● **What the exercise asks**
Of the entries below, return exactly those lines that fall between the one containing "this 781×521 image." and the one containing "this 1024×683 image.", the two end lines included.

══ Exercise input

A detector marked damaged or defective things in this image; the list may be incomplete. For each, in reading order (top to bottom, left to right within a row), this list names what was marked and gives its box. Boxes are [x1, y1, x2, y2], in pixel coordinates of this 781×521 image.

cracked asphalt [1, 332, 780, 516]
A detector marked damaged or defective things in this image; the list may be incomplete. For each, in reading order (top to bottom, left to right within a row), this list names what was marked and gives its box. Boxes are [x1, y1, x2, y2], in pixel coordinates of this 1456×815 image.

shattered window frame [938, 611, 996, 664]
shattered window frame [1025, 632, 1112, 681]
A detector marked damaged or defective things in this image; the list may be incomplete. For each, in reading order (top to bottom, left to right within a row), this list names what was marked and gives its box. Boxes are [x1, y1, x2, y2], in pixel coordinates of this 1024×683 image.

════
══ Exercise input

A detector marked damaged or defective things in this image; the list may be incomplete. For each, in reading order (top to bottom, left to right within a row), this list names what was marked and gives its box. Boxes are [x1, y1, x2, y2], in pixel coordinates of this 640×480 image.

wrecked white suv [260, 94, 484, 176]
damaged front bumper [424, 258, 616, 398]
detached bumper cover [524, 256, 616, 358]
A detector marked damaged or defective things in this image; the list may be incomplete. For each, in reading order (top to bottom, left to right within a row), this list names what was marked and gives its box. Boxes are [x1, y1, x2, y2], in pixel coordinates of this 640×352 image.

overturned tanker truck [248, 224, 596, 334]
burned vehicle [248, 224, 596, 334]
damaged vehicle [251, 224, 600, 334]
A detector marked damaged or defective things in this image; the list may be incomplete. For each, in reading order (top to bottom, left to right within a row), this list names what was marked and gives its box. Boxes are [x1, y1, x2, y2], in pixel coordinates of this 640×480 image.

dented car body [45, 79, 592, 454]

════
══ Exercise input

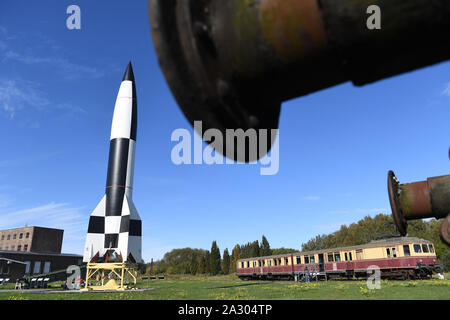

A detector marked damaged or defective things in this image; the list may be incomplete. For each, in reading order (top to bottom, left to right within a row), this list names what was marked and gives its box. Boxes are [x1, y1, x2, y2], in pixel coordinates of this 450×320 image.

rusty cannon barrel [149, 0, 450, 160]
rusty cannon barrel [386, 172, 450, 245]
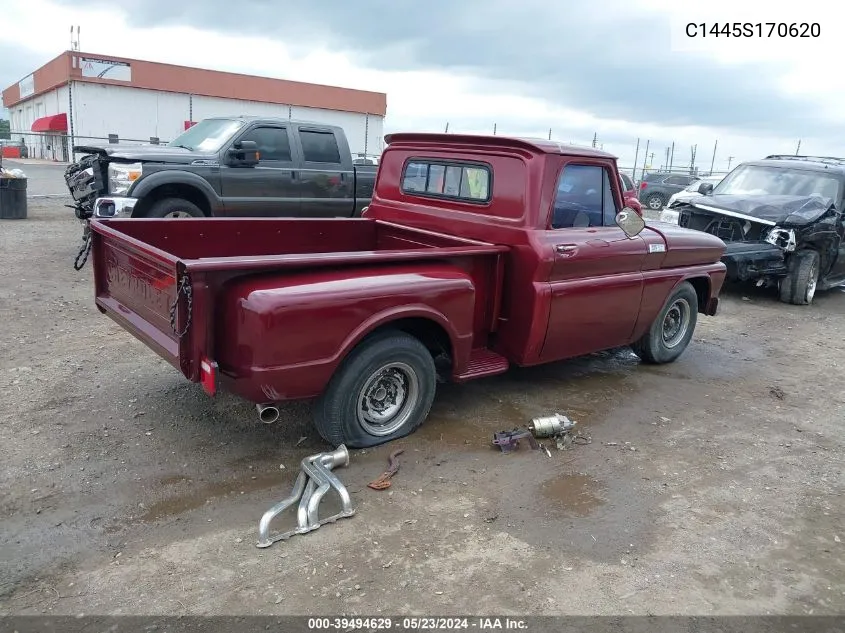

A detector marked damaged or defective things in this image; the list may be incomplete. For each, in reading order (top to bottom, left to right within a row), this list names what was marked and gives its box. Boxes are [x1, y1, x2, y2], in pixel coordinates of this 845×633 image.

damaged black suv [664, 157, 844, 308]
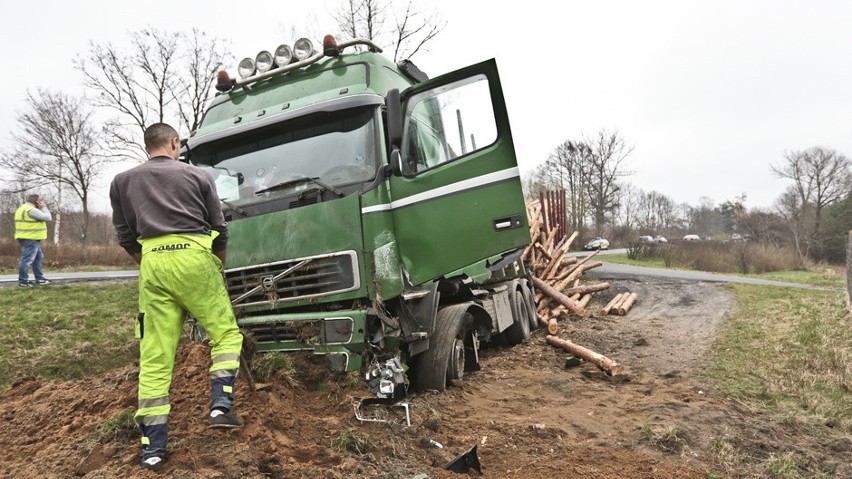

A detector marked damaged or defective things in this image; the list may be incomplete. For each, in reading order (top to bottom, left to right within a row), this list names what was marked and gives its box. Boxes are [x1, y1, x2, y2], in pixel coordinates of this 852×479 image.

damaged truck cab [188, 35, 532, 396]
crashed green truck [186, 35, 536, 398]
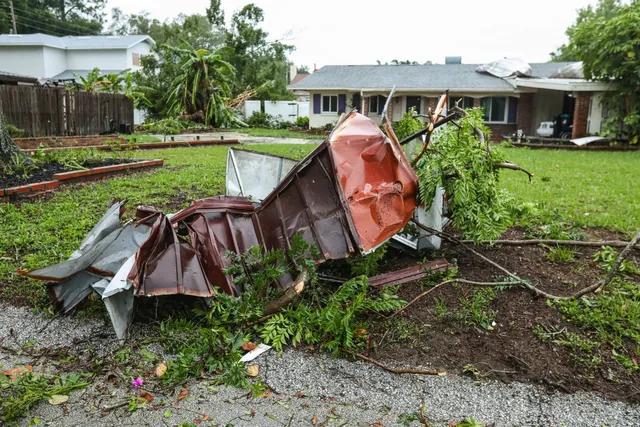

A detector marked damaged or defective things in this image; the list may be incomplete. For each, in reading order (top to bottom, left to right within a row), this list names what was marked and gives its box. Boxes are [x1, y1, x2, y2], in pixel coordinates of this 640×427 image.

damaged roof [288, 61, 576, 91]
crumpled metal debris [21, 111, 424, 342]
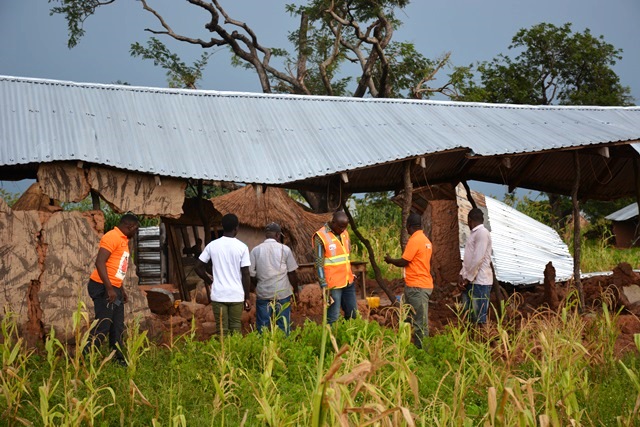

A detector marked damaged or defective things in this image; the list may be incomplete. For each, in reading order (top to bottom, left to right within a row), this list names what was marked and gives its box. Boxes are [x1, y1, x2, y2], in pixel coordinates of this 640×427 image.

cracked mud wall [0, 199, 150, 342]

════

● **Response to this task**
A detector marked damaged or defective things in this image; the list may be incomplete. For each, in reading order (top to bottom, left to right within a row), this list names what was marked and gives its box. Boxes are [x1, y1, x2, y2], in pixel coordinates of this 781×521 image.

cracked asphalt [1, 332, 780, 516]
A detector marked damaged or defective things in this image; the list may be incomplete. For each, in reading order (top to bottom, left to right within a row), this list names what was marked and gives its box. Boxes are [x1, y1, x2, y2], in pixel coordinates of this 1456×815 image.

shattered window frame [938, 611, 996, 664]
shattered window frame [1025, 632, 1112, 681]
A detector marked damaged or defective things in this image; the list may be incomplete. For each, in reading order (top to bottom, left to right within a row), this list names what was marked and gives its box. Boxes are [x1, y1, x2, y2], in pixel coordinates of this 1024×683 image.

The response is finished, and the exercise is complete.